Reviewer response for version 1

Peter Mertens 1

The manuscript submitted by Lazo-Porras et al. entitled “Foot thermometry with mHealth-based supplementation to prevent diabetic foot ulcers: A randomized controlled trial” is a well performed clinical study with published study protocol and enormous effort to ensure proper sampling of data.

The main finding of the study is reported as a negative outcome finding: mHealth does not add to the adherence of the patients at risk for diabetic foot ulceration to perform daily thermometry. There may be numerous interpretations and reasons for this negative result, which at first sight surprises and is counterintuitive to the general field.

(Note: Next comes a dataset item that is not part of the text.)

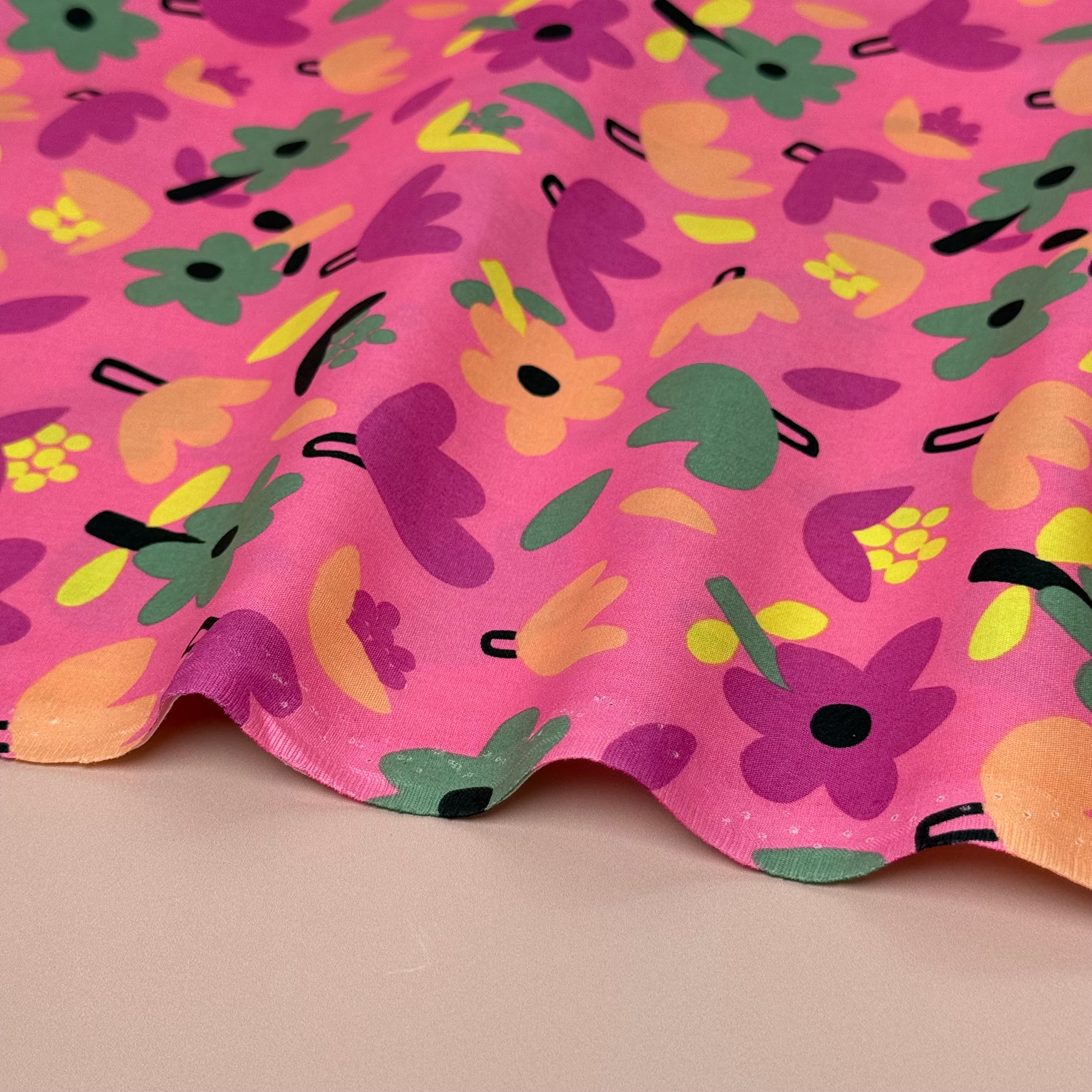 Flower Field Pink GOTS Organic Natural Cotton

As referee I ask myself whether this is unexpected or whether there is an outlying explanation. The study protocol states: “Periodic assessments of the participants involving a general checkup and lower extremity evaluation was conducted every two months by the nurse evaluator.” Thus every participant was seen at least every second month by the nurse practitioner and the conversations within this assessment may be more important than the messages (either voice or text messages). What was the duration of the consultations? Was it standardized? It is my impression that these contacts may have skewed the results markedly and these effects have not been tested, as far as I understand the study.

Another important aspect may be that the alarms have not been analyzed in their consequences. Have there been additional contacts to the study centre? Have these been recorded? How may a bias been excluded.

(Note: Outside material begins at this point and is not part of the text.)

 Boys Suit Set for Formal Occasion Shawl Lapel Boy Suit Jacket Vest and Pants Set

In addition there is an unfortunate bias due to more DFU in the intervention group which makes it difficult to draw solid conclusions.

The statements regarding the effectiveness of mHealth should be weakened markedly given the limitations and shortcomings of the study. These should therefore be stated in the respective chapters (abstract, discussion,conclusions).

Is the work clearly and accurately presented and does it cite the current literature?

Yes

If applicable, is the statistical analysis and its interpretation appropriate?

Yes

Are all the source data underlying the results available to ensure full reproducibility?

Yes

Is the study design appropriate and is the work technically sound?

Yes

Are the conclusions drawn adequately supported by the results?

Partly

Are sufficient details of methods and analysis provided to allow replication by others?

Yes

Reviewer Expertise:

Diabetes and secondary diseases, complications, endocrinology, nephrology.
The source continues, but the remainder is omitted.